Jose Gonzalez – Vestiges & Claws

     Un album d’une élégance folle qui m’aura accompagné toute l’année. Bonbon, passe-partout, classe intégrale. Solaire et pluvieux. C’est de la belle ouvrage comme on dit. A consommer sans modération.

Moon Duo – Shadow of the sun

     Très bel album, dans une mouvance Tame Impala / MGMT (Wilding rappelle beaucoup l’ouverture de Congratulations) assez stimulante, qui n’aurait quoiqu’il en soit pas vraiment sa place ici (inférieur à ses modèles, je pense) s’il n’était doté d’un des plus beau morceaux écoutés (en boucle) cette année, j’ai nommé : In a cloud, sorte de titre tombé du ciel, leur Siberian breaks.

Blanck Mass – Dumb Flesh

     Avec une ouverture pareille « Loam » quasi digne de celle qui ouvrait Street Horrrsing, ce nouvel opus d’une moitié de Fuck Buttons m’avait déjà dans sa poche, en quatre minutes. A l’image de Slow Focus, l’album est relativement inégal, pas suffisamment inspiré pour provoquer le béat de Tarot Sport, mais bordel, tout de même. Quel pied ! Certes moins de boucles enivrantes à faire décoller et nappes de synthés jusqu’à épuisement. Bref, c’est moins sauvage mais toujours aussi torturé si on s’y penche. Les débuts de morceaux laissent parfois circonspects puis déraillent d’un coup à l’image de Cruel sport ou de Detritus, ultime pièce au démarrage bien trash. Dead format flirte avec une électro hype mais nettement plus tarabiscotée ; No lite on se croirait dans une version club d’un film de Carpenter ; Atrophies évoque de loin nos Zombie Zombie d’amour ; Lung réactive un peu de Boards of Canada. Bref, ça n’invente rien mais c’est un chouette album de puriste.
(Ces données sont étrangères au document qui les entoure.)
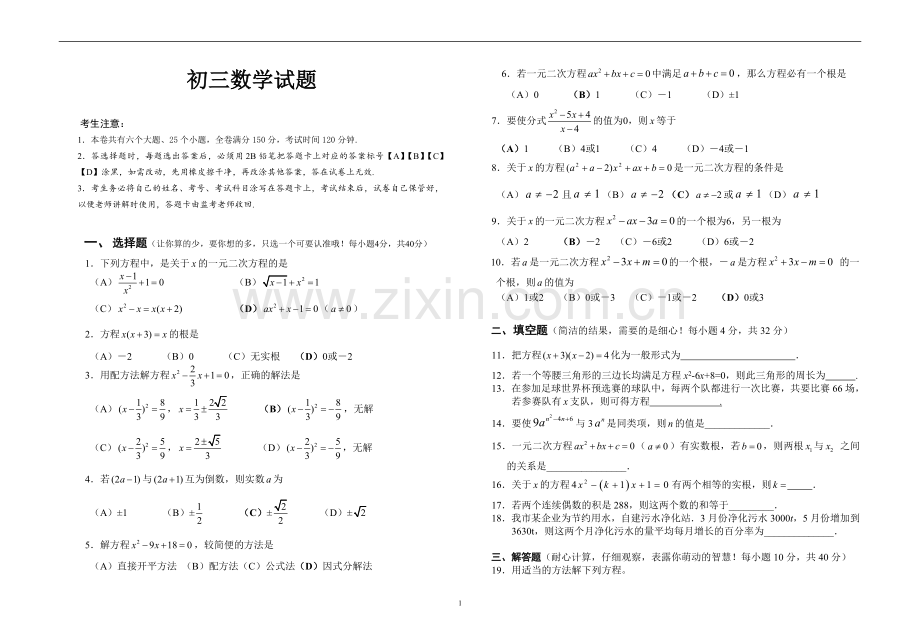 第一学期第一次月考.doc_第1页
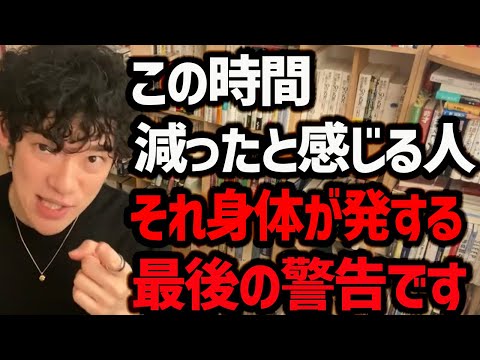 ストレスが減り、時間が増える: 研究によると、対策は燃え尽き症候群を防ぐのに役立ちます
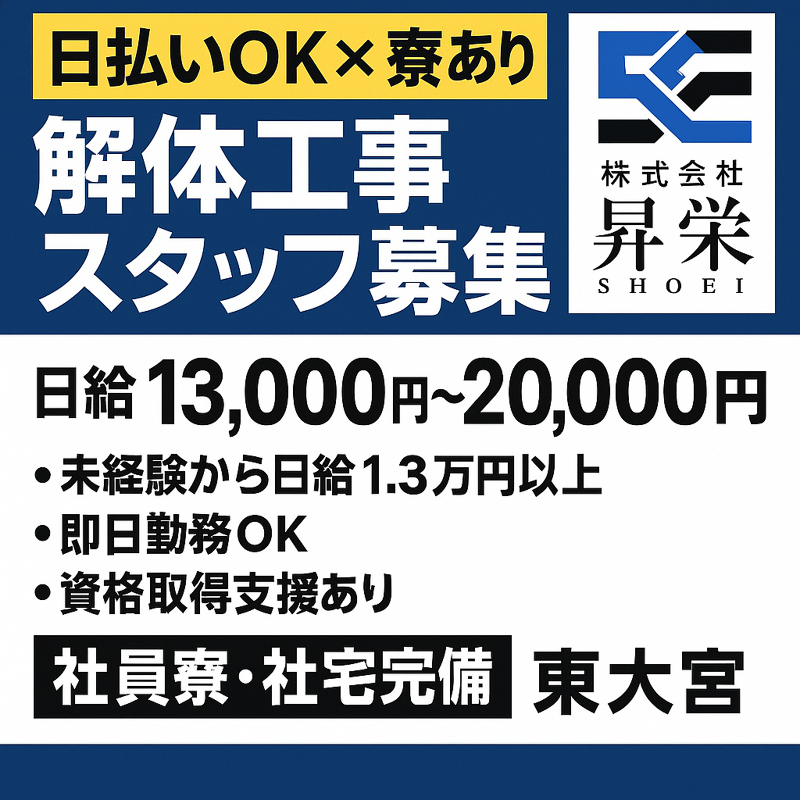 株式会社昇栄の求人・転職情報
Beach House – Thank your lucky stars

     Un album en ouverture de top et l’autre qui le ferme. L’année Beach House. Je n’attendais pourtant pas grand-chose de celui-ci arrivant quasi dans la foulée de l’autre avec la dure tâche de ne pas faire parenthèse, de ne pas se faire écraser. Surprise d’autant plus grande puisque c’est un superbe album, assez proche de Tean dream, une friandise donc, mais une délicieuse, offrant des miracles comme One thing ou Somewhere tonight. Avant, c’était « Chouette, du Beach House » maintenant c’est « Nom de dieu, Beach House » Mes chouchous.